BRIEF =
Repeat only the stretch of lines below that runs from the line with "Locksmith Supplies Tools" through the line with "Sandal cao gót", unaltered.

EXTRACTED DATA =
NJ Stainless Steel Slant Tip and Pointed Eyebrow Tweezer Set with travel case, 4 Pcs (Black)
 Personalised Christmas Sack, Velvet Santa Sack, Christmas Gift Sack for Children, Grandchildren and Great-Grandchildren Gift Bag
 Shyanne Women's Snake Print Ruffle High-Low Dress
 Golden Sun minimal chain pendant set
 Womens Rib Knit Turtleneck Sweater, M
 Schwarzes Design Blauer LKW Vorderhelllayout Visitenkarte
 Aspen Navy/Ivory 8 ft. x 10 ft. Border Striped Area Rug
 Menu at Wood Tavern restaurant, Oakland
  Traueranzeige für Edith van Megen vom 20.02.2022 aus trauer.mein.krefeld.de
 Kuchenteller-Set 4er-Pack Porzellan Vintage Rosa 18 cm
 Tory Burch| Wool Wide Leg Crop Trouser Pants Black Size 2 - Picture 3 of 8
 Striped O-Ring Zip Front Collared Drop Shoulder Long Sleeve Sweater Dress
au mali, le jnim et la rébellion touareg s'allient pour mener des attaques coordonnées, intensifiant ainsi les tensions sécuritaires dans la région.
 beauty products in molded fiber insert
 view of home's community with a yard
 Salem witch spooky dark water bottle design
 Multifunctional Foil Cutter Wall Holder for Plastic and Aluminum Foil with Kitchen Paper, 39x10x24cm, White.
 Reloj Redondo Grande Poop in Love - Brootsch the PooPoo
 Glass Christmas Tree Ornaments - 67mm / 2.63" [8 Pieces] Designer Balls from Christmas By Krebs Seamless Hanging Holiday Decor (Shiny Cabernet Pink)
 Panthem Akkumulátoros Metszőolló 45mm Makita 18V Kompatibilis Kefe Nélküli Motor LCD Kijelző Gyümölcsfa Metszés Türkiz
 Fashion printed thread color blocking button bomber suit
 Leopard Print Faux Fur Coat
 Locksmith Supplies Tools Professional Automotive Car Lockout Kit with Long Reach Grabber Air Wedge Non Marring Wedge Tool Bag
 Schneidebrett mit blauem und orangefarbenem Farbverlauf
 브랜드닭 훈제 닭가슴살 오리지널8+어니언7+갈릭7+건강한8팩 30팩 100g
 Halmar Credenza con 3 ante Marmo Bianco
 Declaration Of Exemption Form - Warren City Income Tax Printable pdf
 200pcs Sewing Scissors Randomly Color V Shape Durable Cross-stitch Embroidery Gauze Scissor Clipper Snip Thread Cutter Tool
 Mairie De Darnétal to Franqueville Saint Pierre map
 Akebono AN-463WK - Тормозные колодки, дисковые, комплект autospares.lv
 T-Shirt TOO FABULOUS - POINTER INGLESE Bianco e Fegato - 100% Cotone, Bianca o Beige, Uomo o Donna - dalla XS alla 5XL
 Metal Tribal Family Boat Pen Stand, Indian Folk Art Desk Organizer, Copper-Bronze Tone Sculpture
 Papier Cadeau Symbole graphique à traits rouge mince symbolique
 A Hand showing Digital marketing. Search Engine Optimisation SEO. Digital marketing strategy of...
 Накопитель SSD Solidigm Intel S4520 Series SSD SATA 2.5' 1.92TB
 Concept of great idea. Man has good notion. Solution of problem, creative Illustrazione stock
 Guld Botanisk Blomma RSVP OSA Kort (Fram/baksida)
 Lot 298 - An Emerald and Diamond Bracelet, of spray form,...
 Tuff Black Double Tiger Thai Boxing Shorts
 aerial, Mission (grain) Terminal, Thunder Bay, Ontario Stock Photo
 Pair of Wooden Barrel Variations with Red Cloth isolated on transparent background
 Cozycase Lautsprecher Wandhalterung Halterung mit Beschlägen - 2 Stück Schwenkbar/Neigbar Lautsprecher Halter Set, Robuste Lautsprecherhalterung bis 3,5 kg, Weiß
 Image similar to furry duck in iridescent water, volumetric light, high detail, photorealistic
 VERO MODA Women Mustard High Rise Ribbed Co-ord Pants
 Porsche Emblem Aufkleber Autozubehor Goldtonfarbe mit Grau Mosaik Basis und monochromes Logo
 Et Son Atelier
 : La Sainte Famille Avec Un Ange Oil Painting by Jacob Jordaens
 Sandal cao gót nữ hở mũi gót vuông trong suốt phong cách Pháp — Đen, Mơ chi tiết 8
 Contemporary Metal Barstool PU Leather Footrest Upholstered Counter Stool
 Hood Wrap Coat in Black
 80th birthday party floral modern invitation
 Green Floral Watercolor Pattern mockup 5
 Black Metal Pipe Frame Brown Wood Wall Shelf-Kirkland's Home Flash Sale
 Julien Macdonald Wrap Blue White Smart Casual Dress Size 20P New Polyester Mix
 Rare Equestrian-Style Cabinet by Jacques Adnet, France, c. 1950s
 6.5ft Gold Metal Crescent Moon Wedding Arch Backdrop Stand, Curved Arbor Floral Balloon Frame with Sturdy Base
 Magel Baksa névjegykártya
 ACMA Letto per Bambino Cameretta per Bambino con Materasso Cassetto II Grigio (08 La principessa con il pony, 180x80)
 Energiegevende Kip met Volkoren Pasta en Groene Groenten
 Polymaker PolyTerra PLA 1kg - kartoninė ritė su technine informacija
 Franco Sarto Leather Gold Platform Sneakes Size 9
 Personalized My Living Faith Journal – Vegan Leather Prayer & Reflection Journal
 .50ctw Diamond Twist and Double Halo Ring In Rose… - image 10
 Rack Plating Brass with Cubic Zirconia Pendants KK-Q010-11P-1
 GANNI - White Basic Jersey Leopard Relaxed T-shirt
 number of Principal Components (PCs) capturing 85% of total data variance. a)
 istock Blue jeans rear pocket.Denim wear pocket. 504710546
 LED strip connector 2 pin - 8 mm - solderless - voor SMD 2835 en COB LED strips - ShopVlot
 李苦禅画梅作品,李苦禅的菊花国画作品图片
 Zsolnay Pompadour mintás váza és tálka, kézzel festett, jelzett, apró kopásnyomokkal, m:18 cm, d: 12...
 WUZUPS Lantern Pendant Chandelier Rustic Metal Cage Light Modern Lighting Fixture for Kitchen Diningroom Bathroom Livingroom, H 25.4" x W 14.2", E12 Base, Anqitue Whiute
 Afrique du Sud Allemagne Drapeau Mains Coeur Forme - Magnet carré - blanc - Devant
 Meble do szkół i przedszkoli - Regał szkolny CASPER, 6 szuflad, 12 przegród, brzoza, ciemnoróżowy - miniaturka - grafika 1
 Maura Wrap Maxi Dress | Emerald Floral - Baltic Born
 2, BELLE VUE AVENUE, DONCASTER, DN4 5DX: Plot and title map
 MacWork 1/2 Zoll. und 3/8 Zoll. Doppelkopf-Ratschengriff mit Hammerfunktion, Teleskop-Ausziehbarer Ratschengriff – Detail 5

TASK ANSWER =
 Locksmith Supplies Tools Professional Automotive Car Lockout Kit with Long Reach Grabber Air Wedge Non Marring Wedge Tool Bag
 Schneidebrett mit blauem und orangefarbenem Farbverlauf
 브랜드닭 훈제 닭가슴살 오리지널8+어니언7+갈릭7+건강한8팩 30팩 100g
 Halmar Credenza con 3 ante Marmo Bianco
 Declaration Of Exemption Form - Warren City Income Tax Printable pdf
 200pcs Sewing Scissors Randomly Color V Shape Durable Cross-stitch Embroidery Gauze Scissor Clipper Snip Thread Cutter Tool
 Mairie De Darnétal to Franqueville Saint Pierre map
 Akebono AN-463WK - Тормозные колодки, дисковые, комплект autospares.lv
 T-Shirt TOO FABULOUS - POINTER INGLESE Bianco e Fegato - 100% Cotone, Bianca o Beige, Uomo o Donna - dalla XS alla 5XL
 Metal Tribal Family Boat Pen Stand, Indian Folk Art Desk Organizer, Copper-Bronze Tone Sculpture
 Papier Cadeau Symbole graphique à traits rouge mince symbolique
 A Hand showing Digital marketing. Search Engine Optimisation SEO. Digital marketing strategy of...
 Накопитель SSD Solidigm Intel S4520 Series SSD SATA 2.5' 1.92TB
 Concept of great idea. Man has good notion. Solution of problem, creative Illustrazione stock
 Guld Botanisk Blomma RSVP OSA Kort (Fram/baksida)
 Lot 298 - An Emerald and Diamond Bracelet, of spray form,...
 Tuff Black Double Tiger Thai Boxing Shorts
 aerial, Mission (grain) Terminal, Thunder Bay, Ontario Stock Photo
 Pair of Wooden Barrel Variations with Red Cloth isolated on transparent background
 Cozycase Lautsprecher Wandhalterung Halterung mit Beschlägen - 2 Stück Schwenkbar/Neigbar Lautsprecher Halter Set, Robuste Lautsprecherhalterung bis 3,5 kg, Weiß
 Image similar to furry duck in iridescent water, volumetric light, high detail, photorealistic
 VERO MODA Women Mustard High Rise Ribbed Co-ord Pants
 Porsche Emblem Aufkleber Autozubehor Goldtonfarbe mit Grau Mosaik Basis und monochromes Logo
 Et Son Atelier
 : La Sainte Famille Avec Un Ange Oil Painting by Jacob Jordaens
 Sandal cao gót nữ hở mũi gót vuông trong suốt phong cách Pháp — Đen, Mơ chi tiết 8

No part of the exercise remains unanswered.